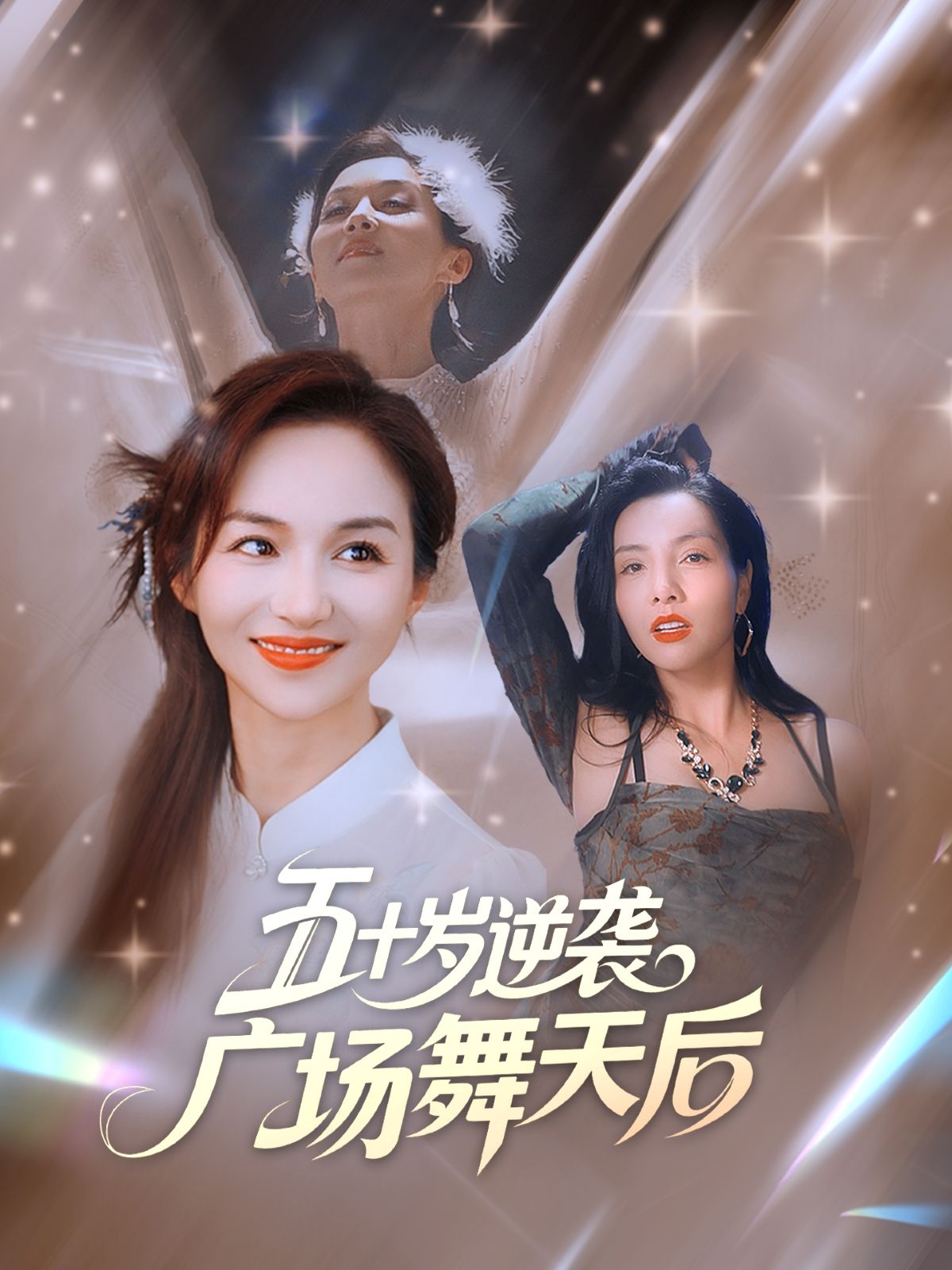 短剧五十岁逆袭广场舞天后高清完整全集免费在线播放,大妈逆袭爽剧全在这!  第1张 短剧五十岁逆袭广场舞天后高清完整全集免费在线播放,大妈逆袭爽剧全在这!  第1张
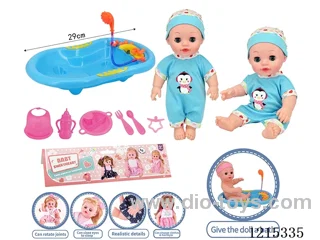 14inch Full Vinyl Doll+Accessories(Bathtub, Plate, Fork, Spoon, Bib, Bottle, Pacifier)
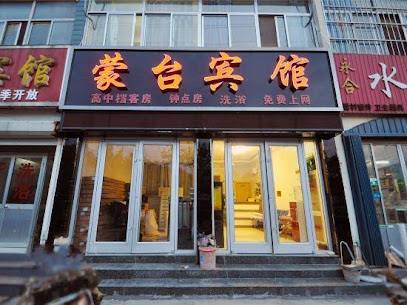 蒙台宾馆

■ Try it
Reproduce the listing verbatim, and keep the pictures out of the copy.

■ Solution for this exercise
 短剧五十岁逆袭广场舞天后高清完整全集免费在线播放,大妈逆袭爽剧全在这!  第1张 短剧五十岁逆袭广场舞天后高清完整全集免费在线播放,大妈逆袭爽剧全在这!  第1张
 14inch Full Vinyl Doll+Accessories(Bathtub, Plate, Fork, Spoon, Bib, Bottle, Pacifier)
 蒙台宾馆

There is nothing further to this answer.